Nuclear Reactors 294 - Hinkley Point C Project In U.K. Exposes Serious Rift In U.K. Environmental Movement

Nuclear Reactors 294 - Hinkley Point C Project In U.K. Exposes Serious Rift In U.K. Environmental Movement

        I have been blogging lately about the Hinkley Point C reactor project in the U.K. This is a complex deal involving the British, the French and the Chinese. The French company EDF will construct the two reactors while the Chinese will help with finances. One aspect of the deal is the possibility that the Chinese will be allowed to build a reactor of their own design in England at Bradwell in Essex with Chinese labor. Many groups in England opposed the project on a variety of grounds including labor issue, environment concerns, finances and security.         

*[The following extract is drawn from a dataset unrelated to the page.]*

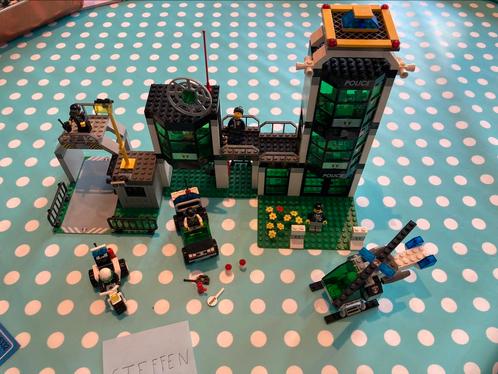 Lego 6332 - Politiekantoor ‘Command Post Central’, Kinderen en Baby's, Speelgoed | Duplo en Lego, Zo goed als nieuw, Lego, Complete set
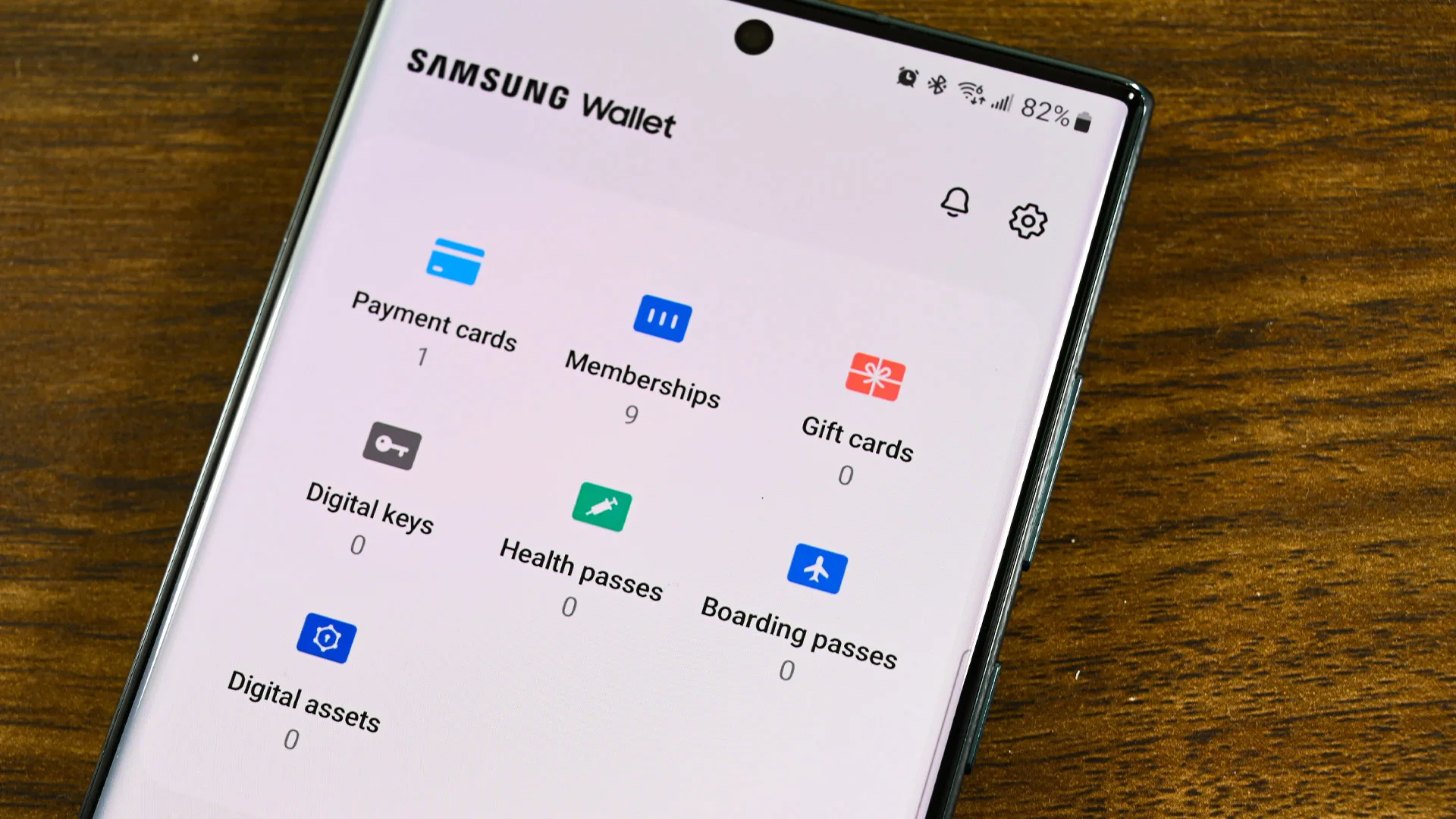 Samsung Pass holdouts get reminder to switch to Wallet before the app’s imminent demise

         The project has opened a big rift in the environmental movement in England. Some environmentalists have been supporting nuclear power as a way to reduce carbon emissions. Other environmentalists vehemently oppose any expansion of nuclear power on the grounds of cost as well as threats to the environment and public health. A recent article in the Ecologist, part of the Guardian Environmental Network, outlined the charges leveled at the pro-nuclear environmentalists by the anti-nuclear environmentalists.

         The support for nuclear power by some environmentalists has confused the public. This support may have been the decisive factor in the acceptance of the Hinkley Point C project by the British government. Friends of the Earth did support nuclear power on climate change grounds for a time but has recently reversed its stance and now publicly opposes the Hinkley Point C project.

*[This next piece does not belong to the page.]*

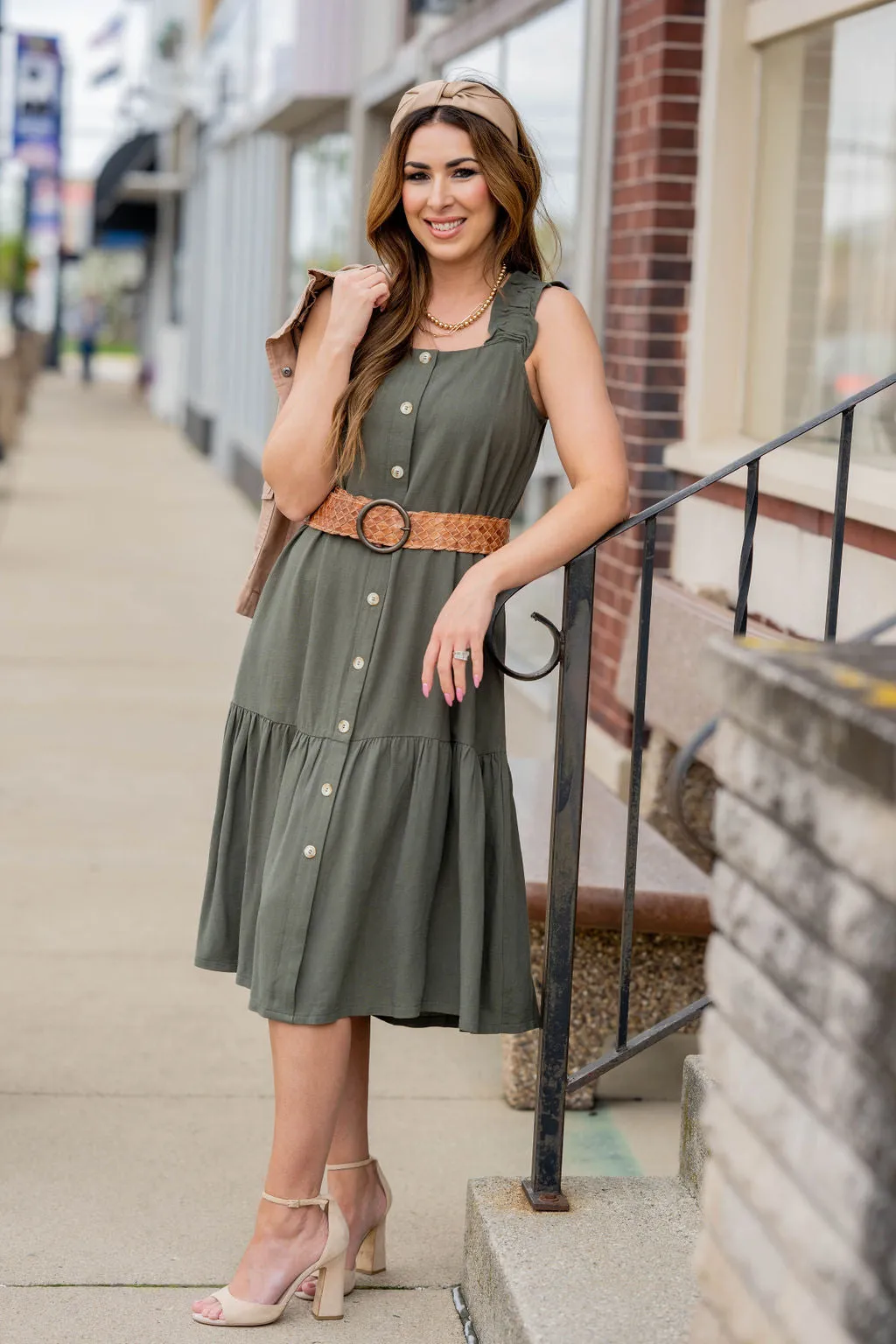 Button Accented Ruched Strap Midi Dress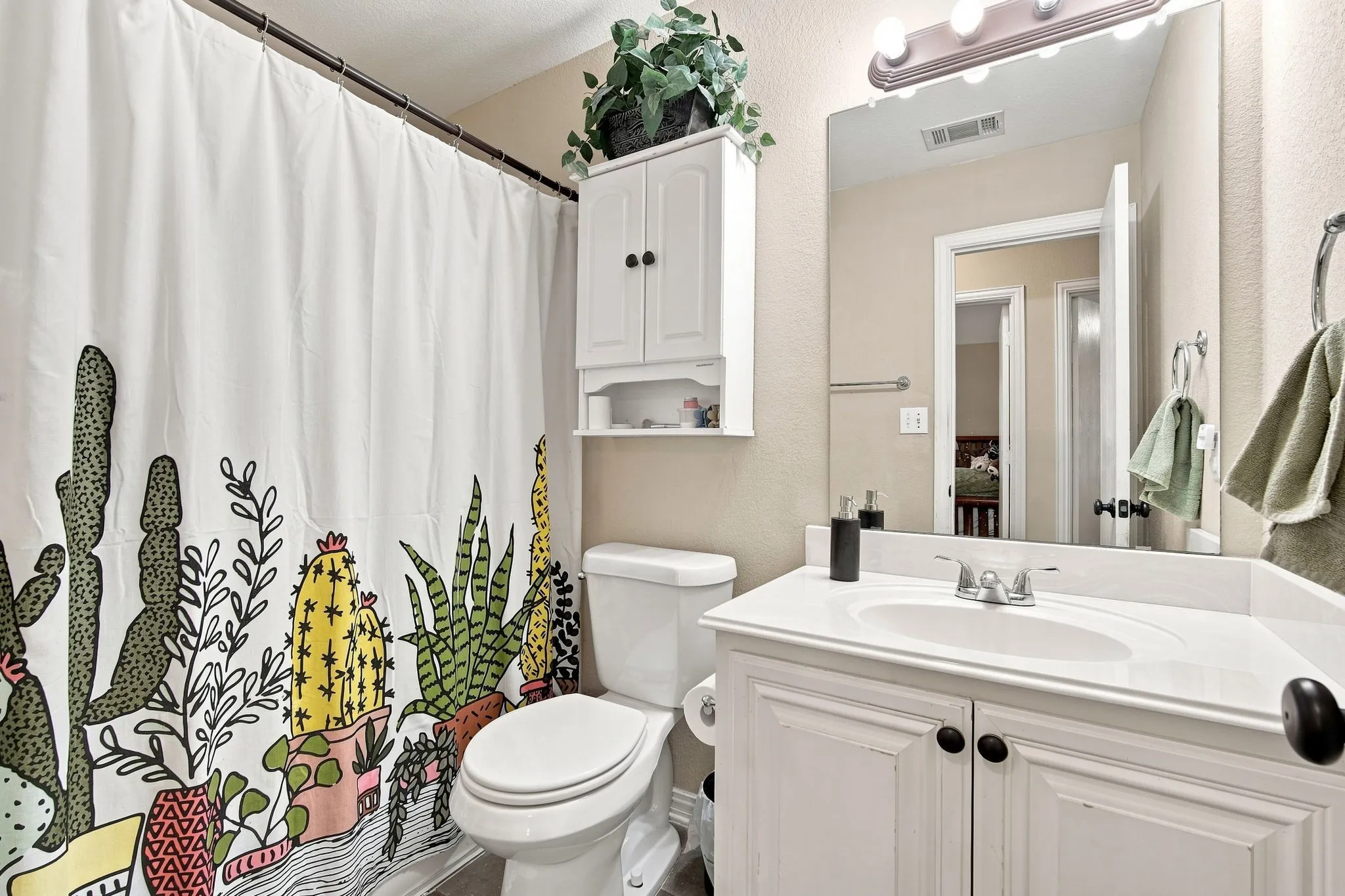 Single Family Residence For Sale in Ellis County , 302 Creekside Way, Waxahachie, Texas 75165, 4 Bedroom, 2 Bathroom, 2 Garage spaces, 1,735 Sqft, built in 2005, mls#21354635, Real Estate Agent in Waxahachie, Homes For Sale in Ellis county, Homes For Sale in Waxahachie, Realtor in Waxahachie Texas, Real Estate Brokerage Independent Realty Texas, Luminita Cordes Realtor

         Critics of the project pointed out to the pro-nuclear supporters that even if nuclear power might be useful in climate change mitigation, the specific technologies being planned for Hinkley Point C were suspect. The only reactors based on the French EPR design to be built so far have encountered significant and costly design and construction problems. Pro-nuclear supporters in Britain have recently admitted that Hinkley Point C is " overpriced, overcomplicated and overdue" and that, "The Government should kill the project."

        The pro-nuclear environmentalists were warned that their support for nuclear power would deal a serious blow to the development of sustainable alternative power in the U.K. The critics point out that the government has dumped the zero-carbon agenda for the built environment, has ridiculed the idea of energy efficiency and destroyed any chance that the U.K. will meet its obligations under the Climate Change Act.

        The anti-nuclear environmentalists say that the pro-nuclear group's support has helped pave the way for the Chinese nuclear industry to assume a leading role in the development of nuclear power in the U.K. This has serious implications for nuclear security and regulation in the U.K. and may ultimately prove disastrous for the citizenry.

        The global nuclear industry has a very bad track record of ignoring regulations, ignoring public safety, incompetence, construction short cuts, bribery and other serious crimes and breaches of public trust. The contracts for nuclear power reactors involve huge sums of money and are often connected explicitly or implicitly to nuclear weapons programs. Once struck, these deals are almost always over budget, behind schedule and extremely hard to cancel. The construction and operation of a nuclear power reactor commits the government and the citizenry of a country to around a century of regulation, danger and escalating costs.

         The government of the U.K. is responsible for the Hinkley Point C deal but the anti-nuclear environmentalists believe that they might not have been able to proceed without sufficient public support from misguided pro-nuclear environmentalists who are now against the Hinkley Point C project. The pro-nuclear group recently said, " We urge the Government to scrap this plant (Hinkley C), and use the money promised to its investors to accelerate the deployment of other low carbon technologies, both renewable and nuclear. We would like to see the Government produce a comparative study of nuclear technologies, including the many proposed designs for small modular reactors, and make decisions according to viability and price, rather than following the agenda of the companies which have its ear."